Fetch error: HTTP/1.1 404 Not Found; Undefined index: port [404]
Effective URL: https://podcastindex.social/%40cisene.rss (IP: 178.33.220.142)
Used curl: NO
Content type: application/rss+xml; charset=utf-8

Example feeds:

  • https://cmpwn.com/@sir.rss
  • https://podcastindex.social/@cisene.rss

tt-rss version (including git commit id): master at 7c8bed05243156a4dc6290c6ac411401d773a03a

Platform (i.e. Linux distro, PHP, PostgreSQL, etc) versions:

  • Application is run in a Docker container running Alpine Linux edge with PHP 7.4.10
  • Database is MariaDB 10.4 (run using official MariaDB docker image)

Please provide any additional information below:

I was able to previously subscribe to Mastodon user feeds. I suspect this may be related to some of the changes relating to port handling, but haven’t ran a bisect to identify where this broke.
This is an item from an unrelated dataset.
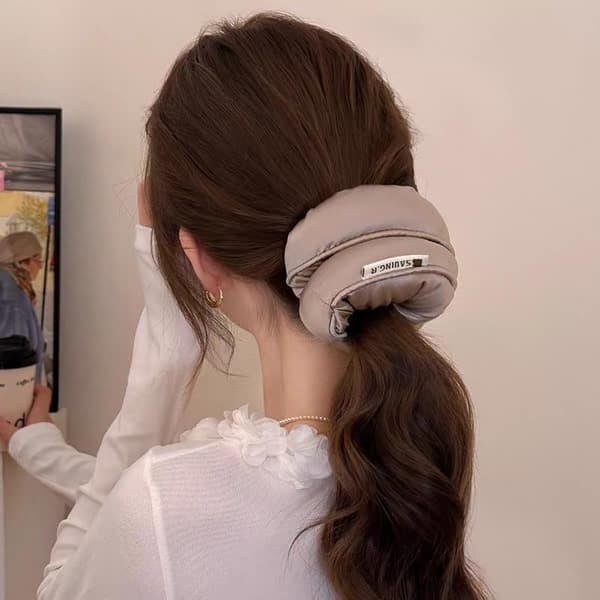 Sponge Sleep Elastisk Hårelastik Hårscrunchies Til Kvinder Beige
I am able to curl/wget the feeds without issue, but both my TTRSS instance and MyFeedSucks are unable to fetch the feed.

this isn’t port handling but urlencoding. it looks like mastodon requires @ to not be urlencoded.
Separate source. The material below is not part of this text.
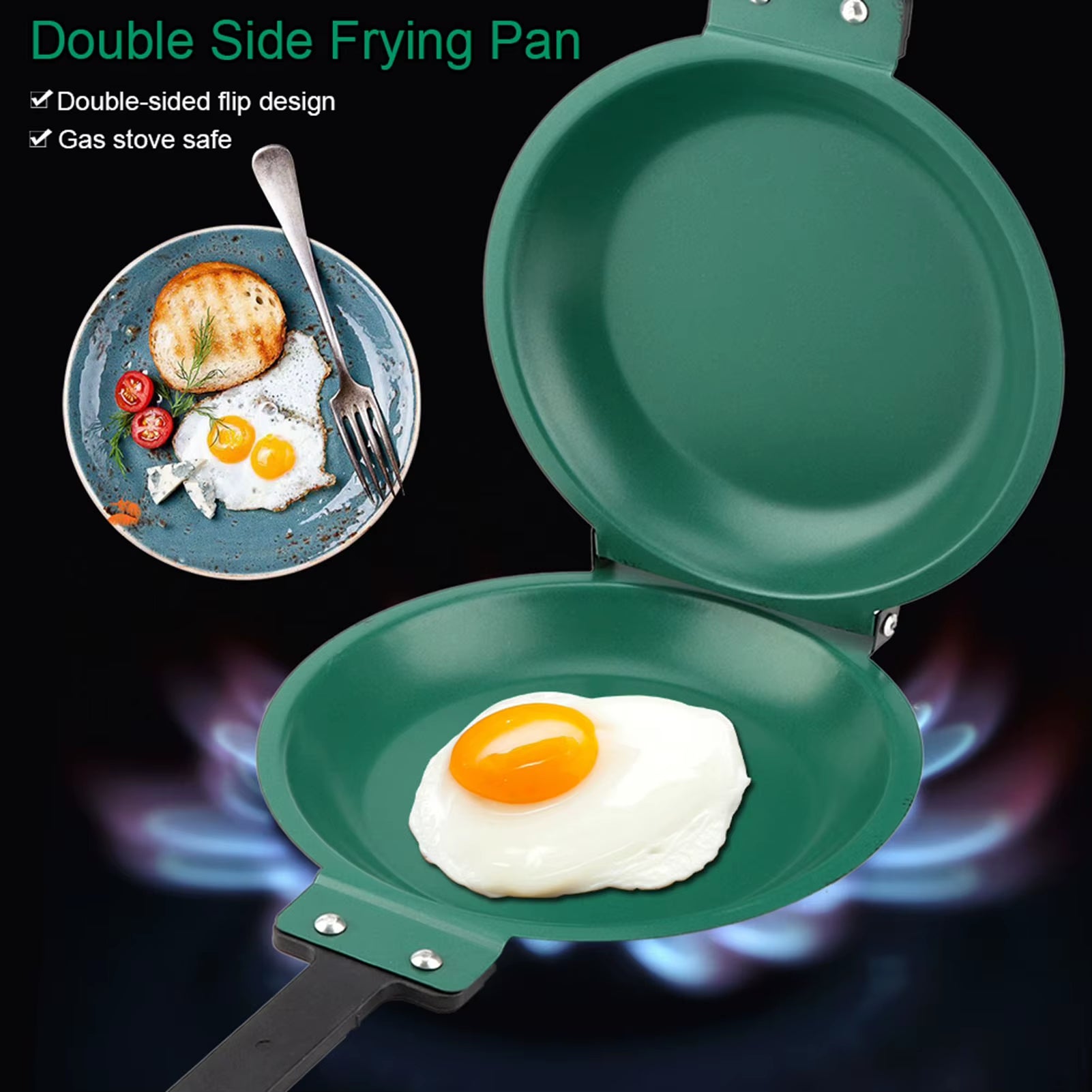 Double Side Titanium Steel Coating Flip Frying Pan Pancake Maker Household Kitchen Cookware Kitchen Cookware Pancake Frying Pan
nginx accepts both @test and %40test for my example file so i’m gonna go with mastodon being in the wrong here.

e:

[16:16:22/27826] fetching [http://debian-wsl.local/@test.xml] (force_refetch: 1)...
[16:16:25/27826] fetch done.
[16:16:25/27826] effective URL (after redirects): http://debian-wsl.local/%40test.xml (IP: 172.27.142.138)
[16:16:25/27826] source last modified: Mon, 28 Sep 2020 16:15:23 GMT
[16:17:32/27826] fetching [http://debian-wsl.local/%40test.xml] (force_refetch: 1)...
[16:17:35/27826] fetch done.
[16:17:35/27826] effective URL (after redirects): http://debian-wsl.local/%40test.xml (IP: 172.27.142.138)
[16:17:35/27826] source last modified: Mon, 28 Sep 2020 16:15:23 GMT

subscribing also works for me with ‘@’ in the URL. still, it’s just an example XML file sitting on nginx.

It appears to be the case, but there does appear to be a recent change in TTRSS to surface this issue.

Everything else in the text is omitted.